Updated

The kidnappers of aid worker Margaret Hassan (search) are threatening to hand her over to Al Qaeda-linked (search) militants notorious for beheading hostages unless Britain agrees within 48 hours to pull its troops from Iraq, an Arabic television station reports.

Early Wednesday, Iraqi police said a Lebanese-American contractor who works for the U.S. Army in the Green Zone (search) was kidnapped from his home in Baghdad's Mansour neighborhood. Armed men knocked on his door and seized the contractor when he answered, said Lt. Col. Maan Khalaf.

Interior Ministry spokesman Col. Adnan Abdul-Rahman identified the victims as Radim Sadeq, a contractor with a mobile phone company.

Also Wednesday, a car bomb exploded near a bus carrying airport employees to work in Baghdad, injuring nine people.

Gunmen also killed an Oil Ministry official, Hussein Ali al-Fattal, in a driveby shooting as he was on his way to work, the ministry said.

On Tuesday, insurgents blew up an oil pipeline and an oil well in northern Iraq in a pair of attacks that shut down oil exports from the north, probably for the next 10 days, Iraqi oil officials said.

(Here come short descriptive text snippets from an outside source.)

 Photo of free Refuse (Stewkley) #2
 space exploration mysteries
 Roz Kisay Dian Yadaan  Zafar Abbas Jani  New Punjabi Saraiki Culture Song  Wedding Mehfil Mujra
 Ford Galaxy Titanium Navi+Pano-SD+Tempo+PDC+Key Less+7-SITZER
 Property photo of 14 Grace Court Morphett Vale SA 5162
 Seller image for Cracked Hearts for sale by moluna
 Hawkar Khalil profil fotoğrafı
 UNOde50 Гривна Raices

A huge explosion rocked the compound of Ghabaza oil field, 22 miles southwest of Kirkuk, late Tuesday night. Earlier in the day, attackers blew up an oil pipeline in northern Iraq that is used for export purposes.

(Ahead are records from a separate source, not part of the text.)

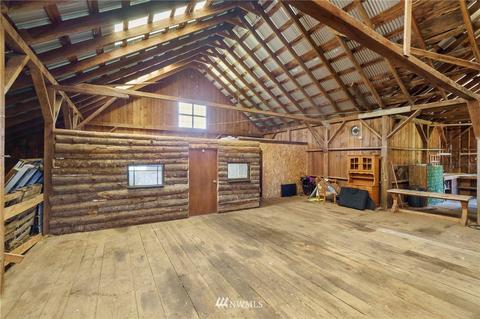 171 Compton Rd, Morton, WA 98356 photo 7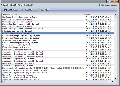 Spytech SpyAgent 14.1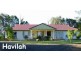 Tooraweenah NSW 2831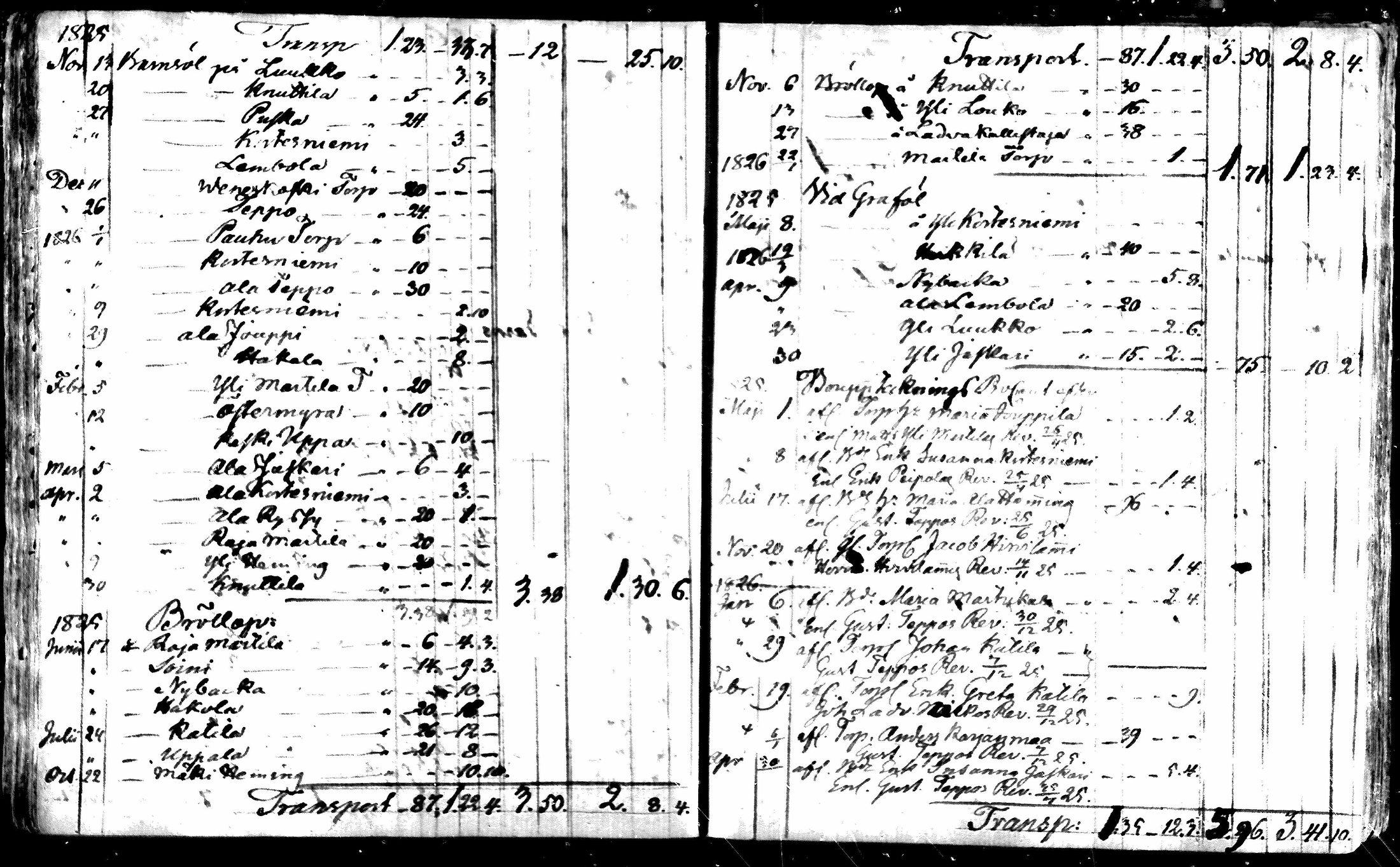 [ kuvat/34.jpg ]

The threat to Hassan, the Iraq director for CARE International, was made in a videotape received by Al-Jazeera television but not broadcast in its entirety because the station said it was "too graphic."

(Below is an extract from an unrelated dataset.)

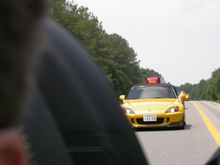 DSCN4622.JPG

Instead, it transmitted a segment Tuesday night showing a hooded gunman but without sound. The newscaster said the kidnappers gave Britain 48 hours to meet their demands, "primarily the withdrawal" of British troops.

Otherwise, the 59-year-old Hassan will be handed over to Al Qaeda in Iraq, a group headed by Jordanian militant Abu Musab al-Zarqawi. His followers have beheaded at least six hostages: three Americans, a Briton, a Japanese and a South Korean.

Meanwhile, there has been no word on an American and two other foreigners — one Filipino and a Nepalese — abducted Monday night in Baghdad.

In London, Prime Minister Tony Blair's office and the British Foreign Office both declined to comment on the reported demand. Britain has 8,500 troops in Iraq, the second-largest contingent after the United States.

Irish Prime Minister Bertie Ahern told his parliament that the full tape showed the Dublin-born Hassan pleading for her life directly to the camera before suddenly fainting.

Ahern, who had not seen the video, said a bucket of water is then thrown over Hassan's head and she is filmed lying wet and helpless on the ground before getting up and crying.

Ahern described the text of the video as "distressing" and said "there were a number of very dangerous and very serious timescales stated."

Hassan, an Irish-British-Iraqi citizen who is married to an Iraqi, was kidnapped last month from her car in western Baghdad. No group has claimed responsibility for her kidnapping and there was no sign on the brief broadcast of any banner identifying who held her.

Her captors previously released three videos of Hassan, and in two of them she pleads for her life, saying she fears she will be beheaded. But she does not say when, and none of her kidnappers have appeared in any of the tapes.

The threat against Hassan was made public three days after the decapitated body of Japanese backpacker Shosei Koda was found in a field in northwestern Baghdad. A videotape posted Tuesday on the Internet in the name of al-Zarqawi's group showed the 24-year-old Japanese thrown to the floor and beheaded on an American flag.

Al-Zarqawi's group is believed based in Fallujah, the militant stronghold 40 miles west of Baghdad. U.S. forces are gearing up for an assault against Fallujah unless the city surrenders al-Zarqawi and other militants. Sunni clerics who run the city insist he isn't there.

U.S. and Iraqi forces hope to clear Fallujah and other Sunni militant strongholds north and west of Baghdad so that national elections can be held in January. U.S. forces have pounded insurgent positions around Fallujah almost daily, but American officials say the go-ahead for an all-out assault must come from interim Prime Minister Ayad Allawi.

However, new pressure mounted Tuesday on Allawi, a Shiite Muslim, to forego an assault and to continue negotiating with the hardline Sunni clerics who run the city, which has become a symbol of Iraqi resistance throughout the Arab world.